The CPU Performance Analysis Report aggregates a large amount of CPU performance analysis information measured by multiple executions and visualizes it using tables and accompanying graphs.
The CPU Performance Analysis Report is designed to fit on a single A3 size when printing, and the following three reports are prepared depending on the type and granularity of information to be displayed.
Unit report
Brief Report
Standard Report
Detail Report
The procedure for creating a CPU Performance Analysis Report is as follows.
See also
Use a Advanced Performance Profiler to measure CPU performance analysis information.
The CPU Performance Analysis Report provides a unit report, a Brief Report, a Standard Report, and a Detail Report depending on the type and granularity of information to be displayed.

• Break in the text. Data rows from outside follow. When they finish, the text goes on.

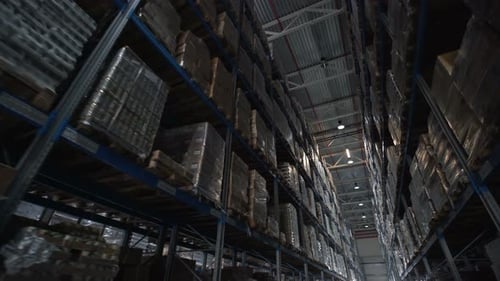 Forklifts move cardboard boxes inside a contemporary cargo mail warehouse interior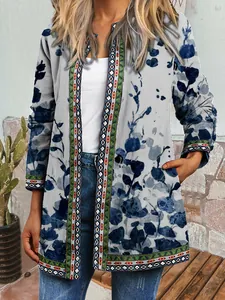 Close-up of vintage ethnic print cardigan with blue floral patterns and geometric borders.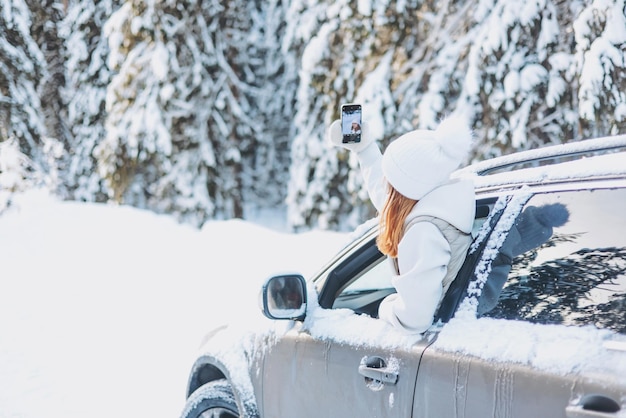 Foto chica adolescente que viaja mirando por la ventana del coche y tomando selfie en el teléfono inteligente en el bosque nevado de invierno viaje por carretera y concepto de viaje local niño feliz disfrutando del paseo en coche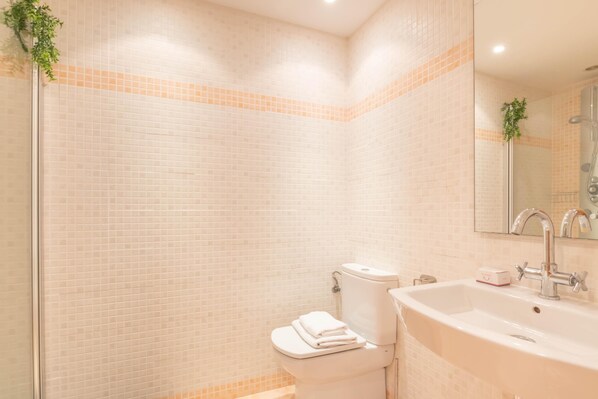 A bathroom with a toilet, sink, and shower. - Sunset Golf International (Estepona)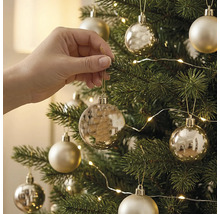 Eine Hand hängt eine goldene Weihnachtskugel an einen grünen Weihnachtsbaum, der mit Lichtern und Christbaumschmuck dekoriert ist.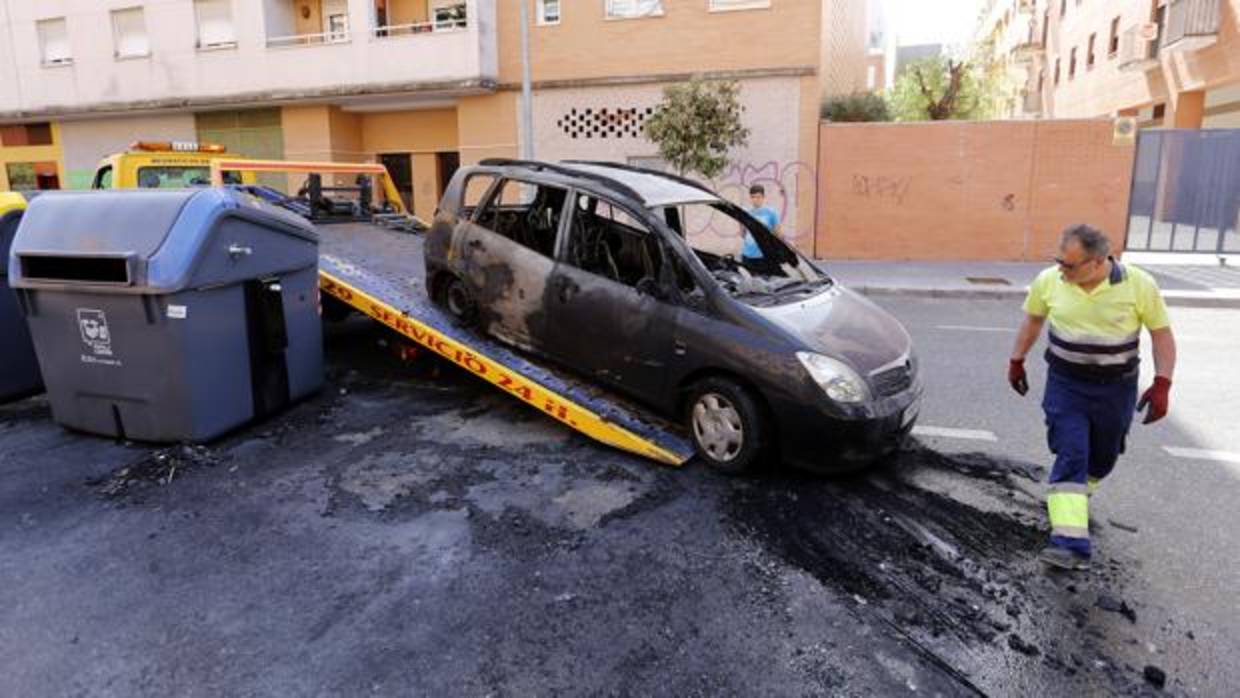 Un operario retira un coche quemado junto a un contenedor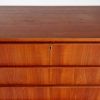 Teak chest of drawers on cylindrical legs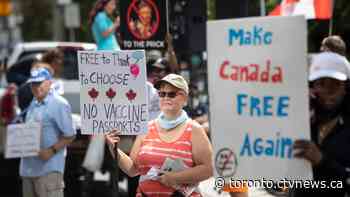 Anti-vaccine protesters now gathered outside Toronto General Hospital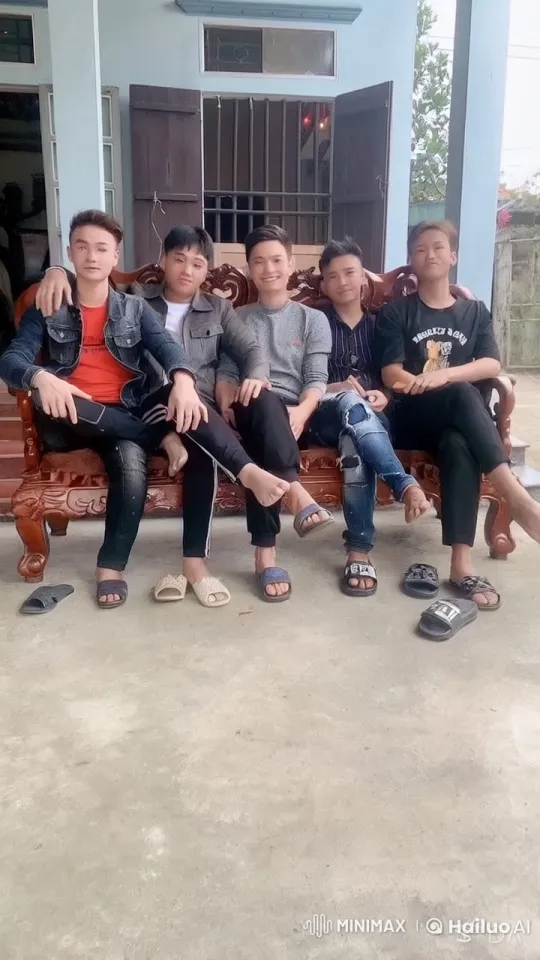 Young Men Enjoy Playful Fight on Bench – AI Generated Video | Hailuo AI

The CPU Performance Analysis Report file is in Microsoft Excel file format (.xlsm).
Each report overview is as following.
Report type
Description
Unit report
This is the CPU performance analysis report that requires the least number of measurements to create.
Outputs rough information about execution time, computing performance, memory throughput, and number of instructions.
When using a single report, perform measurement using the detailed profiler once.
Brief Report
This is a CPU Performance Analysis Report that requires the least number of measurements.
If you want to use the CPU Performance Analysis Report easily, we recommend the Brief Report. The amount of information is less than that of the Standard Report, but the number of measurements required to create the report can be reduced compared to the Standard Report.
When using a Brief Report, perform measurement with the Advanced Performance Profiler five times.
Standard Report
This is a standard CPU Performance Analysis Report. Standard Reports are recommended for normal use.
When using a Standard Report, perform measurement with the Advanced Performance Profiler 11 times.
Detail Report
This is the most detailed CPU Performance Analysis Report.
If there is a shortage of information in the Standard Report, a Detail Report is recommended. Although the number of times of measurement for creating a report is the highest, all information of the CPU Performance Analysis Report is displayed.
When displaying a Detail Report, perform measurement with the Advanced Performance Profiler 17 times.
See also
The input file used for each report is the same. Therefore, for example, if you want to change to a Detail Report after creating a Standard Report, additional measurement is only required for the difference of 6 times.
A list of information that can be referenced in each CPU Performance Analysis Report is shown below.
Table title
Unit
Brief
Standard
Detail
Table overview
Information
all
all
all
all
Displays measurement environment information and user-specified information.
Statistics
some
all
all
all
[Unit]
Displays information related to the CPU operation status, such as memory throughput, number of instructions, and number of operations.
[Brief, Standard, Detail]
In addition to the content of a single report, the ratio of active elements in floating-point calculations is displayed.
Cycle Accounting
-
some
all
all
Display program execution time detail.
[Brief]
The program execution time is classified into nine types and displayed.
[Standard / Detail]
The program execution time is classified into 20 types and displayed.
Busy
-
some
all
all
Displays information about the program’s memory cache and arithmetic pipeline busy rate.
[Brief]
Displays the busy rate of the primary cache, secondary cache, memory, floating point pipeline, etc., and the occurrence rate of SFI (Store Fetch Interlock).
[Standard]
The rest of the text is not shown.